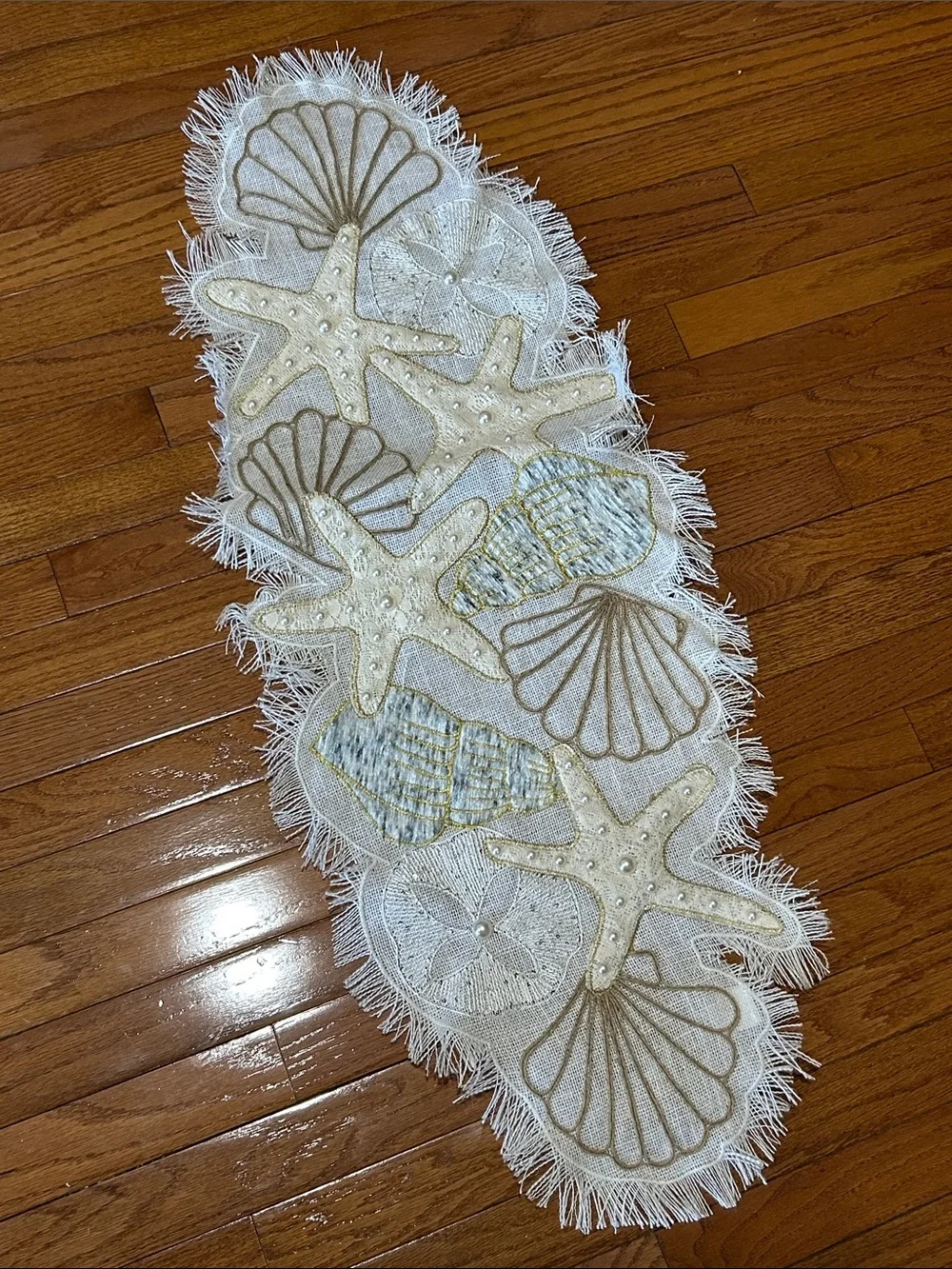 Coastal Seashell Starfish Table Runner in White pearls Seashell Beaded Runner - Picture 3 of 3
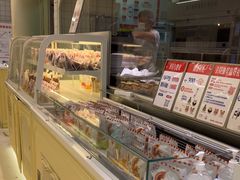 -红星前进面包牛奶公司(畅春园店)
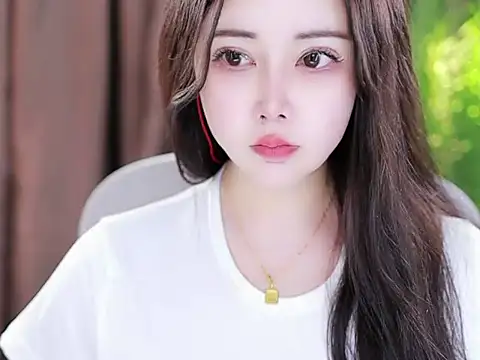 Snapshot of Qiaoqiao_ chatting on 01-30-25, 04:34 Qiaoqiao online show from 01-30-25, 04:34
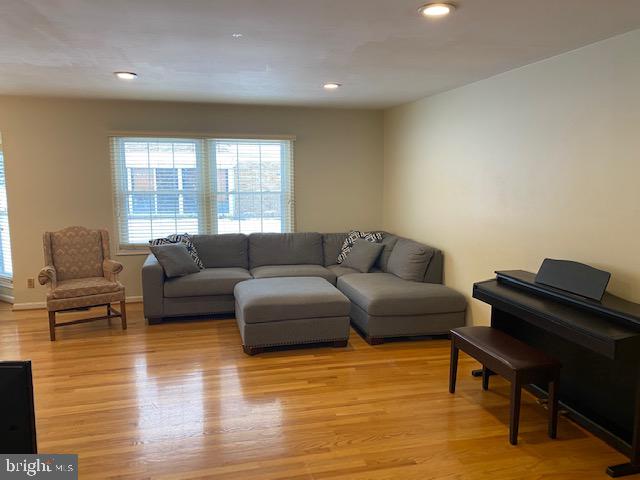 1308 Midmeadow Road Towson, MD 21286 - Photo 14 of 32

********************

__Exercise prompt__
Without the pictures, transcribe exactly the lines above from the one containing "-红星前进面包牛奶公司(畅春园店)" through the last.

__Answer for the task__
 -红星前进面包牛奶公司(畅春园店)
 Snapshot of Qiaoqiao_ chatting on 01-30-25, 04:34 Qiaoqiao online show from 01-30-25, 04:34
 1308 Midmeadow Road Towson, MD 21286 - Photo 14 of 32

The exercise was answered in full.